Dass Abstriche im Pflichtenheft wünschenswert wären, weil nicht alle Aufgaben gleich wichtig sind, fanden neben bürgerlichen Kantonsräten wie Rochus Burtscher auch solche auf der linken Ratsseite wie Livia Knüsel (Grüne, Schlieren).
Gleichwohl dominierte hier die Überzeugung, dass der Ansatz der FDP «Quatsch» und nicht zielführend sei, wie Christoph Fischbach (SP, Kloten) sagte. Sämtliche Klassenlehrer hätten Entlastung nötig, erst dann würden auch die Pensen wieder steigen. Ungleiche Entlöhnung vergifte die Stimmung, ergänzte Knüsel.
Entscheidend war am Ende einerseits, dass sich die Mitte gegen den GLP-Vorstoss von Ziegler und hinter jenen von Bourgeois stellte, wenn auch nur «halbherzig», wie Kathrin Wydler (Wallisellen) betonte.
Nicht alles daran überzeuge, aber ein paar Ideen lohne es ich zu prüfen. Zieglers Forderung dagegen würde die Änderungsvorschläge der eigenen Regierungsrätin Silvia Steiner übersteuern, die gerade erst in der Vernehmlassung waren. Das Ergebnis gelte es abzuwarten.

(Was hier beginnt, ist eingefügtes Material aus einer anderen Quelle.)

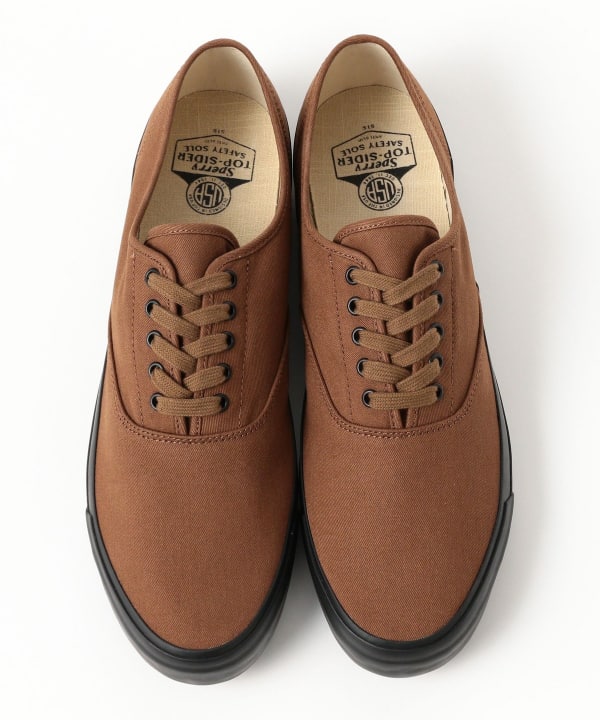 BEAMS PLUS（ビームス プラス）【別注】SPERRY TOP-SIDER / MIL CVO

Entscheidend war andererseits, dass es an diesem Montag auf der linken Seite eine Absenz mehr gab als auf der rechten. So durfte Ratspräsident Jürg Sulser (SVP, Otelfingen) zweimal zum Stichentscheid fällen: Ja zum FDP-Vorstoss, nein zu jenem der GLP.
Die Kantonsregierung hat nun zwei Jahre Zeit, die von der FDP angeregten Massnahmen zu prüfen. Die Verbesserungsvorschläge Silvia Steiners von letztem Jahr werden schon früher wieder im Kantonsrat zu reden geben.